- The Washington Times - Thursday, March 7, 2002

JOHANNESBURG President Robert Mugabe calls them loyal war veterans, patriotic Zimbabweans who have risen up spontaneously to fight those who would betray the revolution that brought independence.
Most other Zimbabweans see them as violent foot soldiers in a state-sponsored war to crush Mr. Mugabe's political opponents before this weekend's presidential election.
Often escorted by a protective phalanx of police, militants have firebombed opposition party offices and white-owned farms. They have attacked homes and businesses. They are said to have killed, kidnapped, tortured or simply beaten those seen as Mr. Mugabe's opponents.
Few militants have been arrested. Fewer still have been prosecuted. And some have been rewarded handsomely by an increasingly unpopular and autocratic president who is facing his severest political test against the opposition Movement for Democratic Change in the March 9-10 election.
"They are doing exactly what [Mr. Mugabe] wants. Every day of violence is more votes lost for the MDC," said Shari Eppel, an official with the Amani Trust, a Zimbabwean human-rights group.
In fiery speeches, the president has encouraged and defended his shock troops. After parliamentary elections in 2000, he granted blanket amnesty to those who waged a violent intimidation campaign against opposition groups.
"This is a betrayal of what we fought for," said Wilfred Mhanda, a former officer in the high command of the liberation army that ended white rule in 1980.
"We fought most importantly for freedom and social justice, and there is no political freedom right now," said Mr. Mhanda, director of the Zimbabwe Liberation Platform, a group of war veterans that lobbies for fair governance and human rights.
Joseph Chinotimba, who describes himself as a field commander of the pro-Mugabe militants, denied in a telephone interview that the militants have done anything wrong.
"We are totally peaceful," said Mr. Chinotimba, who accused the MDC and its presidential candidate, Morgan Tsvangirai, of being behind the political violence sweeping the country.
However, Mr.
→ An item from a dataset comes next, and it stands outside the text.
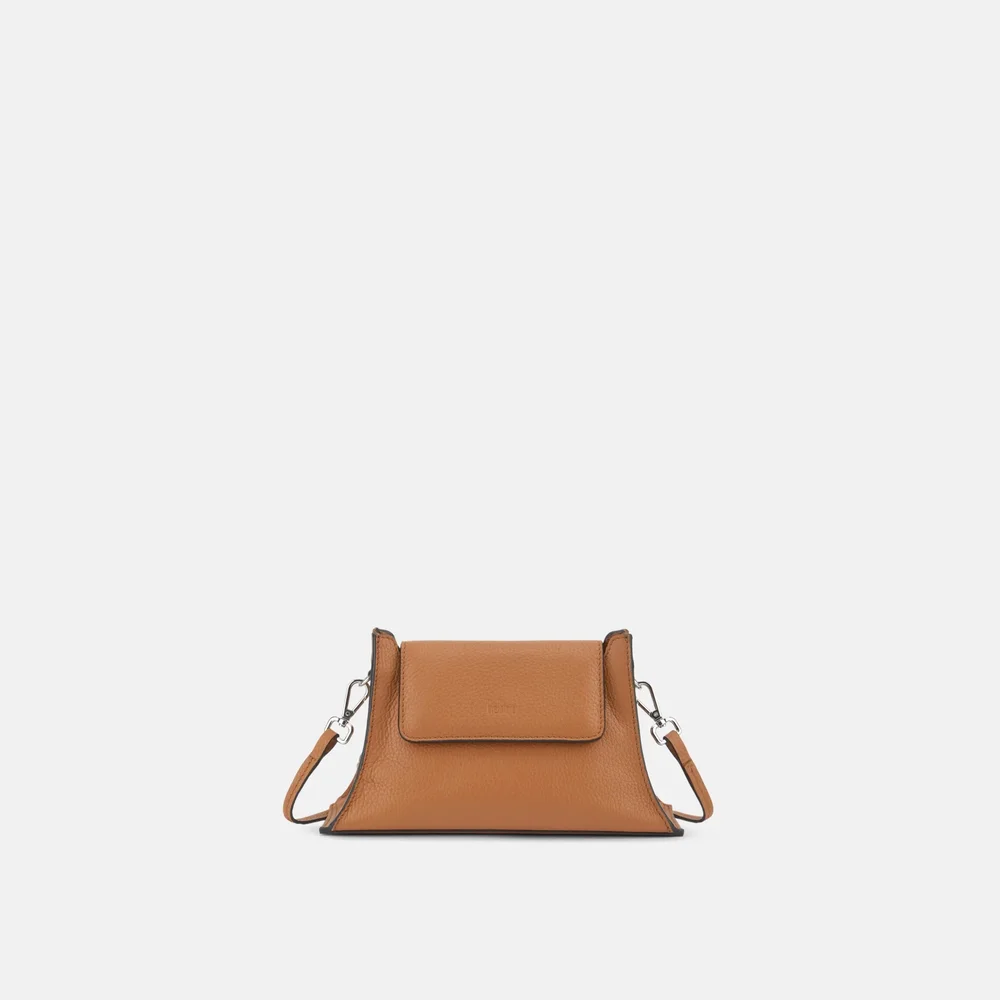 WINNIE MINI CROSSBODY PEBBLE CLAY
Chinotimba himself has led violent raids on farms, and he has been charged with the murder of a female neighbor he accused of supporting the opposition. He was also convicted of possessing an illegal firearm, but remains free pending appeal.
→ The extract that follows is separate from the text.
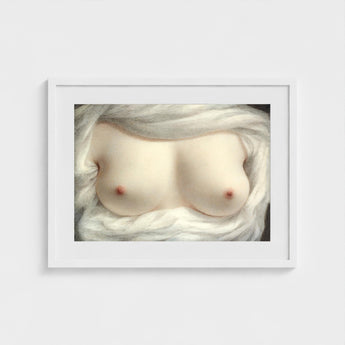 Beauty Revealed - Sarah Goodridge Art Print / Canvas, Painted, Private Love Token, Widowed Senator Daniel, Webster Prints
He once stormed the Supreme Court yelling, "Kill the judges!" With no interference from police guards, he entered the chambers of Chief Justice Anthony Gubbay, whose court had begun striking down unconstitutional laws aimed at strengthening Mr. Mugabe's hold on power, and threatened him.
Justice Gubbay, who had been appointed by Mr. Mugabe, resigned after the government said it would not protect him.
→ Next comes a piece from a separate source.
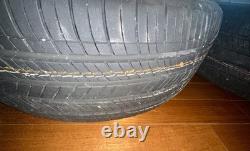 Hyundai Santa Cruz OEM Tires And Black Wheels 18 Like New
Mr. Chinotimba calls Justice Gubbay "an agent of Ian Smith" the defiant leader of the minority white government in the nation then called Rhodesia (1965-1980).
But it was Mr. Mugabe who appointed Mr. Gubbay chief justice.
Mr. Mugabe rewarded Mr. Chinotimba with a large farm.
The militants say they are helping redistribute white-owned farms to landless blacks. But many farms have gone to ruling party lawmakers, Mr. Mugabe's ministers and loyalists like Mr. Chinotimba.
Five years ago, after their pension fund was drained by corrupt officials, war veterans took to the streets to demand Mr. Mugabe's resignation. He gave them a huge payout financed by planned new taxes. When court rulings and strikes destroyed the tax plan, the payouts helped sink the economy, taking Mr. Mugabe's popularity with it.
Over the past two years, ruling party militants led by the war veterans have attacked opposition supporters all over the country. They occupied hundreds of white-owned farms, burned the houses of black farm workers and then used the land as bases for intimidating the country's rural voters, human-rights activists say.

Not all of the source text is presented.